Karl Korsch, writing 60 years after Marx, on "The Marxism of the First International" (1924), emphasized the point with which Marx concluded his Address:

"If the emancipation of the working classes requires their fraternal concurrence, how are they to fulfill that great mission with a foreign policy in pursuit of criminal designs, playing upon national prejudices, and squandering in piratical wars the people’s blood and treasure? It was not the wisdom of the ruling classes, but the heroic resistance to their criminal folly by the working classes of England, that saved the west of Europe from plunging headlong into an infamous crusade for the perpetuation and propagation of slavery on the other side of the Atlantic [in the U.S. Civil War 1861-65]. . . .

"The fight for such a foreign policy forms part of the general struggle for the emancipation of the working classes."

Marx concluded with the same sentence he and Engels had written as the final slogan of the 1848 Communist Manifesto:

"Proletarians of all countries, unite!"

Marx was encouraged in the founding of the First International because, despite the misery of unemployment owing to the Union cause in the U.S. Civil War, the workers of Britain and Western Europe refused to support and actively fought against their governments' attempts to aid the Confederacy slavocracy.

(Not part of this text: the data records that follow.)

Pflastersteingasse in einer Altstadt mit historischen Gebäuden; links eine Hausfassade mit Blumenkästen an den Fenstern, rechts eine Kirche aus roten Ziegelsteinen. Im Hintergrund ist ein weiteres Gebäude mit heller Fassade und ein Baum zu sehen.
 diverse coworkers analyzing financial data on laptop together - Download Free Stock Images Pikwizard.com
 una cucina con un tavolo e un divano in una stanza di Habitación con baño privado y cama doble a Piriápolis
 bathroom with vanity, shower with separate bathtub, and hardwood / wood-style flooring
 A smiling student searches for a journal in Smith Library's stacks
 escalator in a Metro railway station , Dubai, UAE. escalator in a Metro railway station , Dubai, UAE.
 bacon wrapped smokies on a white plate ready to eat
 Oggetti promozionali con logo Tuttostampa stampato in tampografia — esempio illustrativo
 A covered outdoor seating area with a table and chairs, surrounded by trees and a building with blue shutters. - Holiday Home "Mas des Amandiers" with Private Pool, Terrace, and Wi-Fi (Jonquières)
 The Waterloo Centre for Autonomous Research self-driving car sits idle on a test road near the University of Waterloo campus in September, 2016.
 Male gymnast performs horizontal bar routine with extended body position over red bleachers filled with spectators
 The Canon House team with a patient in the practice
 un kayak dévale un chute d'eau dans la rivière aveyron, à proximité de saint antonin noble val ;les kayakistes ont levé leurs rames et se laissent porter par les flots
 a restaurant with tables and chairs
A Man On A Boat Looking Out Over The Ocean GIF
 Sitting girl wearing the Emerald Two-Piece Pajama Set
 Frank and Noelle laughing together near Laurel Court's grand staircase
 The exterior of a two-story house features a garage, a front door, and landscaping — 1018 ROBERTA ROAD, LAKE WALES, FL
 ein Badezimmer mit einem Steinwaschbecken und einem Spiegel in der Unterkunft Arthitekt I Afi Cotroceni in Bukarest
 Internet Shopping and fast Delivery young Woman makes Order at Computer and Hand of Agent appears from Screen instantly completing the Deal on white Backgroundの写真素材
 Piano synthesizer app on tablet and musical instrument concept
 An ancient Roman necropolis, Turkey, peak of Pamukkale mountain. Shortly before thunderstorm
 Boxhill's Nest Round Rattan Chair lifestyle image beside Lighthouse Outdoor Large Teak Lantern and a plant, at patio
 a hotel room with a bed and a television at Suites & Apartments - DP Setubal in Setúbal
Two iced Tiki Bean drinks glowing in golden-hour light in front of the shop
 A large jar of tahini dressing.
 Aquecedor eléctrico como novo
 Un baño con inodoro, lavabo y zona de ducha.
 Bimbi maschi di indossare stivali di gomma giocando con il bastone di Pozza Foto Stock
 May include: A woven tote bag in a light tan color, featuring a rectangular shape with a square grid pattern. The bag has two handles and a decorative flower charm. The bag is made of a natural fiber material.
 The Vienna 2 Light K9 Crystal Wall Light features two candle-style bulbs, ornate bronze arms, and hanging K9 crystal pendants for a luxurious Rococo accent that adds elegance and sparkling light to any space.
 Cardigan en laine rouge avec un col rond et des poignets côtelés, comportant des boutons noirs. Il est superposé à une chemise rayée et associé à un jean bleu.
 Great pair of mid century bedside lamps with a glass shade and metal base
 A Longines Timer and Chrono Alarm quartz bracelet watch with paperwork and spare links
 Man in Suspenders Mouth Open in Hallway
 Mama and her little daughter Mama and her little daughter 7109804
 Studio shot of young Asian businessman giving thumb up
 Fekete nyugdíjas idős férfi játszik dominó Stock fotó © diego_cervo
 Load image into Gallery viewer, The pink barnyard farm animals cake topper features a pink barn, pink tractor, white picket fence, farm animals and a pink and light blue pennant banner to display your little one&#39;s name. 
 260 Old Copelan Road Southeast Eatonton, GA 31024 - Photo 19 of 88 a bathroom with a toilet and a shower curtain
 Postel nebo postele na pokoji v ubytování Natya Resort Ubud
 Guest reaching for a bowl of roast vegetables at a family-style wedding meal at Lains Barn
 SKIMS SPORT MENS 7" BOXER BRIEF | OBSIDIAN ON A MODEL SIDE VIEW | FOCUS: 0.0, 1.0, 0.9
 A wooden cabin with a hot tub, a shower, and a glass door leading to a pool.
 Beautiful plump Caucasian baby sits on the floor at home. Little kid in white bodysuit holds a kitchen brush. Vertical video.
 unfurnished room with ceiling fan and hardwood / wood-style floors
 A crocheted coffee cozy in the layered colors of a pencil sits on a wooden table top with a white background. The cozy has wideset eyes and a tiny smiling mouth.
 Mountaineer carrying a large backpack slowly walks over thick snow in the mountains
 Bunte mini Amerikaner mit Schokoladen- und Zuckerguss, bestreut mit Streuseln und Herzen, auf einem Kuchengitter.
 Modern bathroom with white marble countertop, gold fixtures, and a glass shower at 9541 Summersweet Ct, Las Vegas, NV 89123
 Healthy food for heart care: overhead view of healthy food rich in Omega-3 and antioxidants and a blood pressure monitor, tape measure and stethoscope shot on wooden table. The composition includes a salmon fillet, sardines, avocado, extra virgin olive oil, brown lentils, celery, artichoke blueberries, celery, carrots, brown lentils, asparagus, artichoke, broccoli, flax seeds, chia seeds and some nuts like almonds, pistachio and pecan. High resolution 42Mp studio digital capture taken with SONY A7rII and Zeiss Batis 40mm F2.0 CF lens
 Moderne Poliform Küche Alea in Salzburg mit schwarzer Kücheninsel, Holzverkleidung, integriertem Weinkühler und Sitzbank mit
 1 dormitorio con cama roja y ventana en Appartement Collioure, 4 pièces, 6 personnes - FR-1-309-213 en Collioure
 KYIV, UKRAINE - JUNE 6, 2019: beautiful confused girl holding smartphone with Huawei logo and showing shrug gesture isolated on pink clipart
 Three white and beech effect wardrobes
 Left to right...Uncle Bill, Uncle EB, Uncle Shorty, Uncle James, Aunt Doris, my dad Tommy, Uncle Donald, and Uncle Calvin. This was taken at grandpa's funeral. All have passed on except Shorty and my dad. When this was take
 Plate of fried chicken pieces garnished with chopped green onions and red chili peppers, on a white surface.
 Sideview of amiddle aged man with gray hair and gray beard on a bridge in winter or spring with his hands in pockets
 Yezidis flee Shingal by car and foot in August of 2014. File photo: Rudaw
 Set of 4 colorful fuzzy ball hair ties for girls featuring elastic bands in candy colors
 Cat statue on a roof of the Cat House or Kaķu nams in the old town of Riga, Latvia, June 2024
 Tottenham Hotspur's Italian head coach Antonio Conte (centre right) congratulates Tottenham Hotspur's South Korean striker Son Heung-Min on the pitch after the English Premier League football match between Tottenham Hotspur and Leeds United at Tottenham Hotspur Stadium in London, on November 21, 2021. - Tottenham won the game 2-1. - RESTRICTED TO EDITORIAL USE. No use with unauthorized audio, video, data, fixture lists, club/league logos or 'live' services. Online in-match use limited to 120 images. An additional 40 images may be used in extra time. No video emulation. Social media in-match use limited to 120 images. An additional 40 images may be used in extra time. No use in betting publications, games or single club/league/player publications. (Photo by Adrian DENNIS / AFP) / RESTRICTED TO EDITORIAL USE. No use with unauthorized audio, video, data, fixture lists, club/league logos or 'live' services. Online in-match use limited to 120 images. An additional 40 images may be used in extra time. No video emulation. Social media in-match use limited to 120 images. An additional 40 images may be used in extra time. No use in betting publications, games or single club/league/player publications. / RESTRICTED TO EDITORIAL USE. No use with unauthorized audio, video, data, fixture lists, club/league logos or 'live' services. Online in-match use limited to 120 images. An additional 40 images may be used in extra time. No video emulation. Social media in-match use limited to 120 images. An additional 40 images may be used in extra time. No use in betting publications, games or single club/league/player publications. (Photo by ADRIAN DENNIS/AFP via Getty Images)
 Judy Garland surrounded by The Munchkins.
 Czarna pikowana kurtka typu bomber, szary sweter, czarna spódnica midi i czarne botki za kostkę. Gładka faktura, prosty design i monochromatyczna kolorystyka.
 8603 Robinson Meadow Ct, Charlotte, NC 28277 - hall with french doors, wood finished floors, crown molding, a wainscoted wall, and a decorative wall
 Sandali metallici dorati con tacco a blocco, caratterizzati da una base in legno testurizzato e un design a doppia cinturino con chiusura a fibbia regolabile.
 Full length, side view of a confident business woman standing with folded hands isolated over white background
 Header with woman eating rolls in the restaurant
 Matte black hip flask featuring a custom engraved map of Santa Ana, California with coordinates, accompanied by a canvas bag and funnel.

The development of capitalism since 1848 had given a new lease on life for slavery in the U.S., as the source of the world's cotton textile production. Far from doing away with slavery, capitalism had reinforced it. Such was the kind of contradiction Marx had elucidated about the simultaneous progression and regression inherent in the history of the crisis of humanity in capital after the Industrial Revolution.

As Korsch put it in 1924,

"[T]he Third International has before it the task laid down by Lenin of fulfilling Marx’s legacy and translating it into life. It has undertaken this historical task in a situation which, after the Russian Revolution, reproduces all the political and economic effects that an event like the American Civil War of 1861-5 had on the European working class. These are now being felt by the exploited classes and oppressed people of Europe, America, Asia and the whole world on a far broader scale and with unparalleled intensity. The tocsin of world revolution is sounding from Soviet Russia."